## Task
Line by line, print the records exactly, and keep images out of the copy.
§
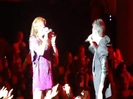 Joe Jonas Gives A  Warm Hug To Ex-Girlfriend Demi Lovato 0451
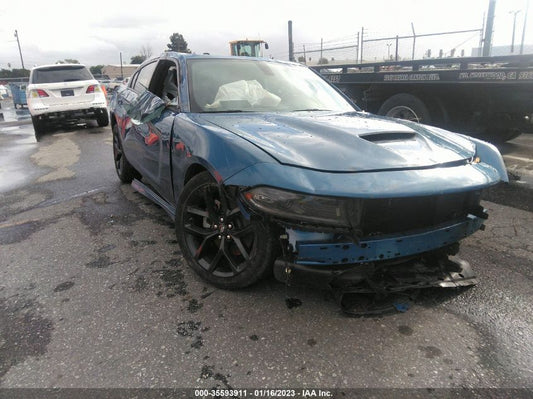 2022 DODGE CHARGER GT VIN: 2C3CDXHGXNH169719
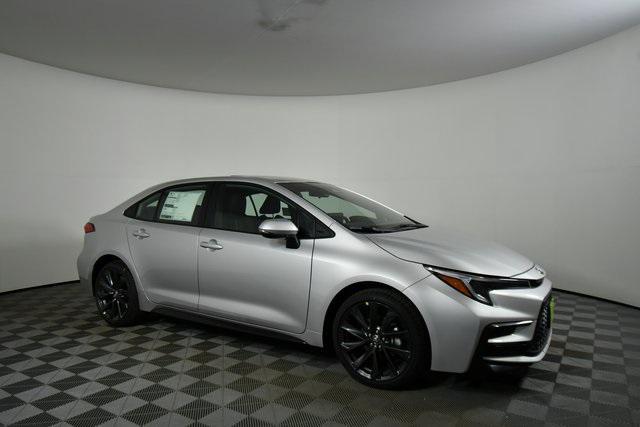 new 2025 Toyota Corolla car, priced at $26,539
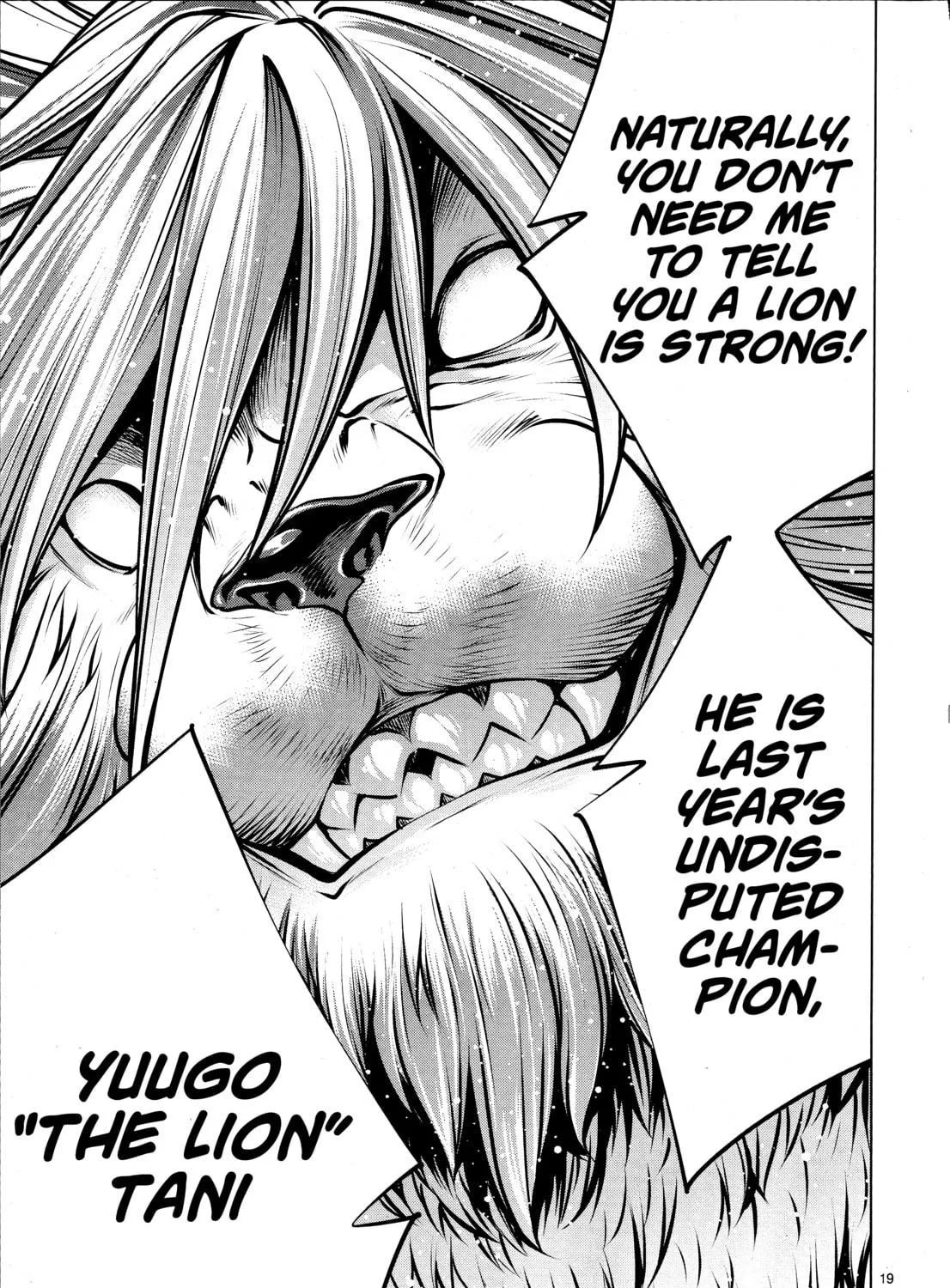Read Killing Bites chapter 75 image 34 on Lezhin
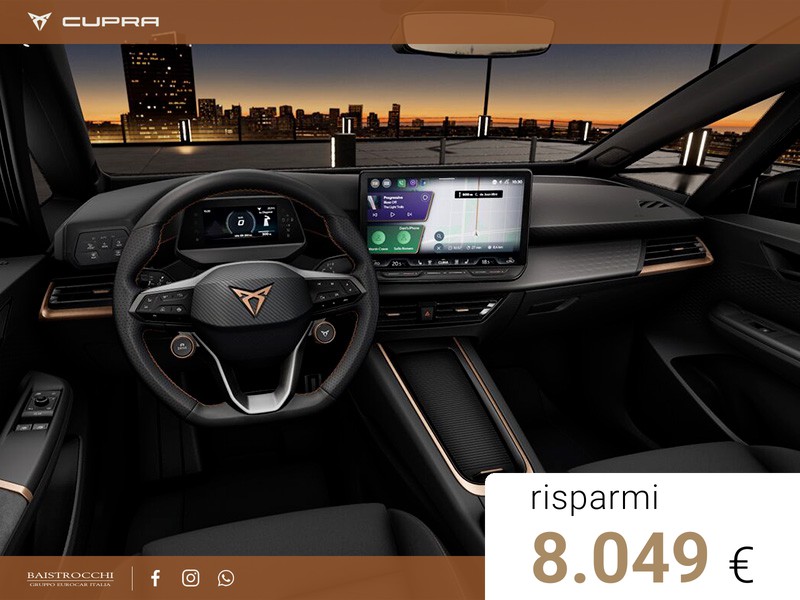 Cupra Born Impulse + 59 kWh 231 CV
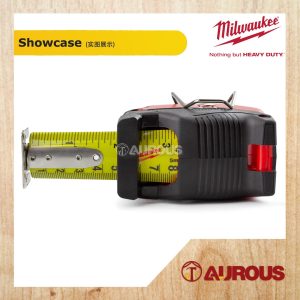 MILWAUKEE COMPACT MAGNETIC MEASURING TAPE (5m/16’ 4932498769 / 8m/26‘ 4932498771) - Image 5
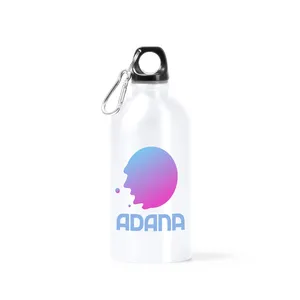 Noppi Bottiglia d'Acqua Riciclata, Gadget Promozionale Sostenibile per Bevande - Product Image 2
§
## Worked solution
 Joe Jonas Gives A  Warm Hug To Ex-Girlfriend Demi Lovato 0451
 2022 DODGE CHARGER GT VIN: 2C3CDXHGXNH169719
 new 2025 Toyota Corolla car, priced at $26,539
Read Killing Bites chapter 75 image 34 on Lezhin
 Cupra Born Impulse + 59 kWh 231 CV
 MILWAUKEE COMPACT MAGNETIC MEASURING TAPE (5m/16’ 4932498769 / 8m/26‘ 4932498771) - Image 5
 Noppi Bottiglia d'Acqua Riciclata, Gadget Promozionale Sostenibile per Bevande - Product Image 2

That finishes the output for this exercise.